Amongst the novels, his book “Feast of Love” was nominated for the National Book Award for Fiction in 2000 and adapted into a film in 2007.
Despite these accomplishments, Baxter expressed uncertainty about his status as an author.
“I was never sure. I still am not sure … by the time I was in my late twenties, maybe my early thirties, I wasn’t sure that I was an author but I really knew I wanted to write and I knew how hard it would be to make a life as a writer but I wanted to try and by the time I was in my thirties, I was really determined to try,” Baxter said.
According to Baxter, new writers will start writing their novels by following the canon of authors they admire until they eventually find their own style.
“You sort of learn how to write stories or novels by doing that—by imitating.
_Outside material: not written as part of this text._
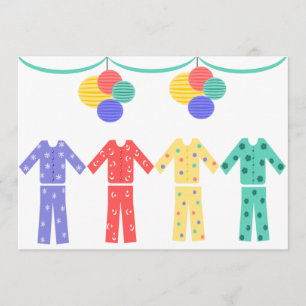 Pajamas i ett roPajamaparty Inbjudningar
But after you’ve done that maybe for a couple of years, you begin to find ways of writing that are not exactly like anybody else’s—you hope, you hope it doesn’t look like other people’s work—and you’re not imitating anymore. You’re not copying anybody. It comes from here and it comes from here,” Baxter said, as he gestured to both his heart and his head.
Baxter shared that readers can benefit from the content in his novels because they cannot only live vicariously through them, but learn from the characters’ experiences.
“I always think a novel should give you some sense of what people do and should take you away from your life into a kind of story world where it’s fun to be, and you sort of forget what’s going on in your own life,” Baxter said.
“I mean, when you’re young, you love to hear stories because the stories are telling you what human beings are capable of and what they do.”